Monday, October 22, 2007

Charles Bernstein and Language Poetics

Have been teaching Bernstein for some years now and last year included him on my MA in Contemporary Literature and Culture at Brunel University, West London. Thought I would post these notes as a general introduction to Charles' work. This begins in a very rudimentary style desgined for all kinds of students who have not encountered Bernstein of Language poetries before.

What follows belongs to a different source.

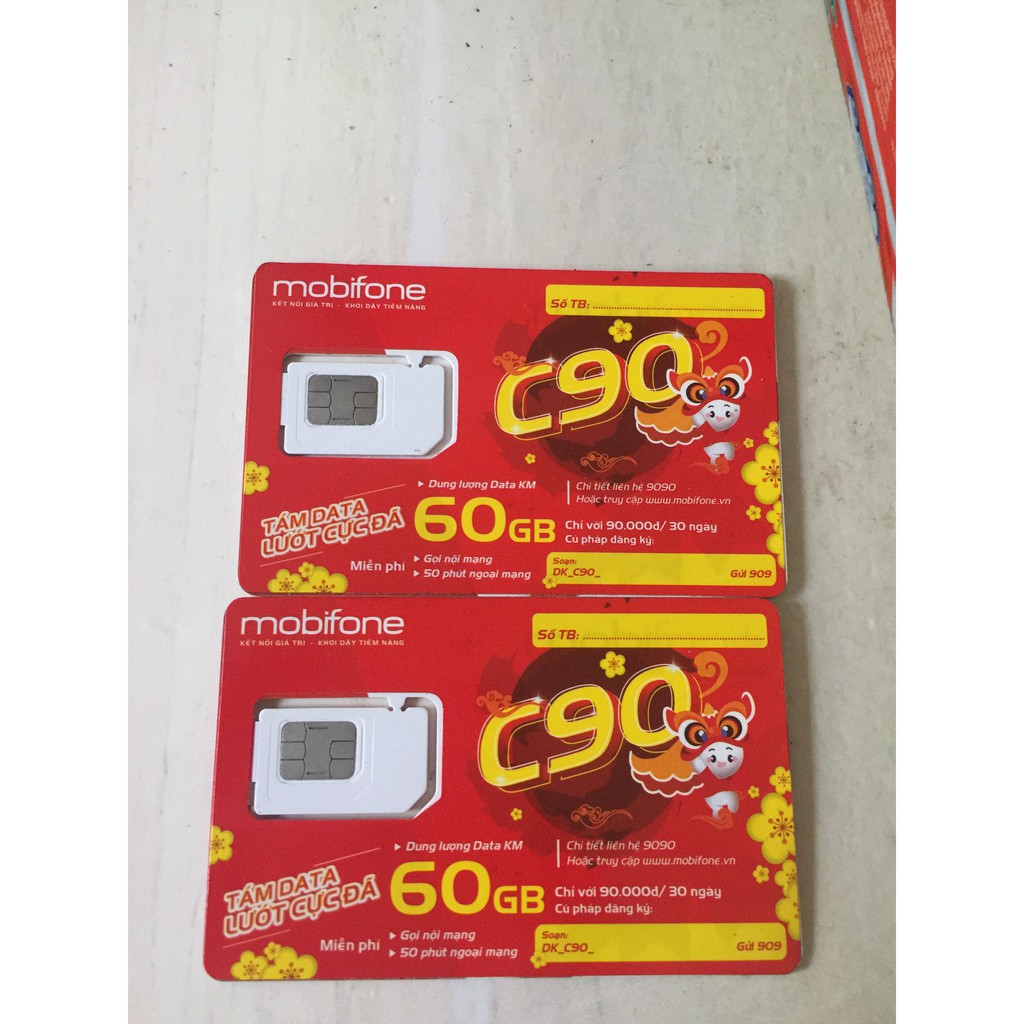 Sim 4G mobifone C90 data 60GB gọi nội mạng ,50 phút gọi khác mạng miễn phí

1. Context: Introduction to Language poetics

So-called Language poetry emerged in 70s West and East Coast USA around journal This and L=A=N=G=U=A=G=E

I was ostensibly reacting to the predominant free verse, confessional mode of English language poetry to be found across the US and UK poetry scenes

As a group it looked to build on the formally innovative and socially concerned poetry of American modernism

Picking up on the postmodern innovations of New York School poetry, the groups however had a political edge

Founder poet Bon Perelman defines the Language programme as the following:

“breaking the automatism of the poetic “I” and its naturalized voice; foregrounding textuality and formal devices; using or alluding to Marxist or poststructuralist theory in order to be open to the present and to critique change” (Perelman, The Marginalization of Poetry 13)
An early central theoretical concern of language poets was: the materiality of the signifier, that language is physical material not just a medium to express ideas or describe the world “out there”

Additionally that language is subject to the material conditions of everyday life like any other object in capitalism, thus assumptions about writing are all ideological in origin.

Their confrontational, often unreadable, poetry tries to demonstrate the materiality of the signifier and undermine the ideologies of naturalised signification.

Bernstein is the leading voice of this project which Watten has encapsulated in his comments on the two founding journals of the movement, This and L=A=N=G=U=A=G=E.
The deictic This refers to things quiddity, there this-ness, namely for Marxist inflected aesthetics their ideological context.
In contrast the awkward articulation of L=A=N=G=U=A=G=E reveals the materiality of all language, or that it is made up of phonetic and graphematic matter.
Taken together these two positions encapsulate all that is enduring, controversial and aporetic as regards the conception of the materiality of the signifier.